The cordel literature found its zenith in the decades of 1920s and 1930s, with the popular legend created by the cangaceiros of Lampião, a band of outlaws and bandolier bandits who terrorized the region for almost 20 years. The War of Canudos, a military conflict in the state of Bahia, 1896–1897, has been also a frequent theme of cordel literature, due to its epic dimensions and importance for the history of the Northeast backlands.

Cordel literature can still be found in the Northeastern Brazilian states, most notably in Pernambuco, Paraíba and Ceará.

== Authors ==
Two notable Cordel authors from the past are Leandro Gomes de Barros (1865–1918) and João Martins de Athayde (1880–1959).

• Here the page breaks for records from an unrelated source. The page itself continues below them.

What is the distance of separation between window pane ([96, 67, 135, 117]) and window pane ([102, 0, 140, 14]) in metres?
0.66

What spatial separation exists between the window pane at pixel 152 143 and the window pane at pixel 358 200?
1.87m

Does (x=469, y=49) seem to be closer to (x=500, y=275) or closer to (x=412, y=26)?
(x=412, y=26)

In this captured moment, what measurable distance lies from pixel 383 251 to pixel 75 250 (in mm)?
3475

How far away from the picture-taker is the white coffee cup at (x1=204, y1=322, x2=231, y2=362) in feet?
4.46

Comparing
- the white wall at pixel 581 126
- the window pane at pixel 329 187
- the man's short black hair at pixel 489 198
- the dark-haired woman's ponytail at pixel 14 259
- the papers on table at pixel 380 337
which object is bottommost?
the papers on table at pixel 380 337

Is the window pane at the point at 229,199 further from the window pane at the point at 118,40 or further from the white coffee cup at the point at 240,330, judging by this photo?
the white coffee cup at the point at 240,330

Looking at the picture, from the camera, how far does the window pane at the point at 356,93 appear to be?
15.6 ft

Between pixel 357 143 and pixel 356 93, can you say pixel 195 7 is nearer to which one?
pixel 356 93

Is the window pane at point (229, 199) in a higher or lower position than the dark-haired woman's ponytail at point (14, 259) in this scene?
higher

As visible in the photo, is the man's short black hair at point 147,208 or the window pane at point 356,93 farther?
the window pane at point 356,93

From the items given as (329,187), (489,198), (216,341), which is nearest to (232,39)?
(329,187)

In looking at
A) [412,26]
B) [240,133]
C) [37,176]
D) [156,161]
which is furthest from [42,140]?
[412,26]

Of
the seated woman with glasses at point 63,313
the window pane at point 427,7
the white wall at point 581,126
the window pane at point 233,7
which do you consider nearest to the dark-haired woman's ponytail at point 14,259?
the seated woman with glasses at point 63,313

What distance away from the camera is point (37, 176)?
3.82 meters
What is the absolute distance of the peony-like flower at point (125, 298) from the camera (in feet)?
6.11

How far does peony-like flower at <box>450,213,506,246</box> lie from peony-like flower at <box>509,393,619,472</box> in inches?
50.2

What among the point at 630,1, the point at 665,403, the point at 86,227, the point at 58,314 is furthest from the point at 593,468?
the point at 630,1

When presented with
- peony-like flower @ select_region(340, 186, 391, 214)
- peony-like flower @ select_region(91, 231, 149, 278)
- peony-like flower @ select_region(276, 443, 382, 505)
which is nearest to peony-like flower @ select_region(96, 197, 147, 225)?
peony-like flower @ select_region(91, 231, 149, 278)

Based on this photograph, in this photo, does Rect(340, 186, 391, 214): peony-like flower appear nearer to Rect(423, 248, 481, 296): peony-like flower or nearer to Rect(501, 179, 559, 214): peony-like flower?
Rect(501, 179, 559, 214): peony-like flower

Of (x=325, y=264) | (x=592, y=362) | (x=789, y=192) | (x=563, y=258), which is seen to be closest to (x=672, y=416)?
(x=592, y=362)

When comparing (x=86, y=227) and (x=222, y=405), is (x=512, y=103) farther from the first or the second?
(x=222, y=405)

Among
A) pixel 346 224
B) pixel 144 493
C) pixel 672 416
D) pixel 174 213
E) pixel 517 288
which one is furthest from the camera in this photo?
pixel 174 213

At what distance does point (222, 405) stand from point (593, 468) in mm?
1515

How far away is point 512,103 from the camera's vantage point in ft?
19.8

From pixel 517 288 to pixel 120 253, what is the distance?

Today, popular Cordel authors, such as Marcelo Soares, Davi Teixeira, Meca Moreco and Altair Leal, keep this tradition alive. These writers, among many lesser-known Cordel authors, help to show the importance of popular art to Brazil and to the world.

There are a lot of not-well-known cordel authors in Brazil, although there are still chapbooks that tell widely known old tales, even reinvented, in a new context. Two examples include A Chegada de Lampião no Inferno (The Arrival of Lampião in Hell) by José Pacheco, as well as A Chegada de Lula no Inferno (The Arrival of Lula in Hell). Besides "classics", living folk poetry tells us much both about cordel and its strong roots in the everyday life of the people and its place in Brazilian culture as a whole.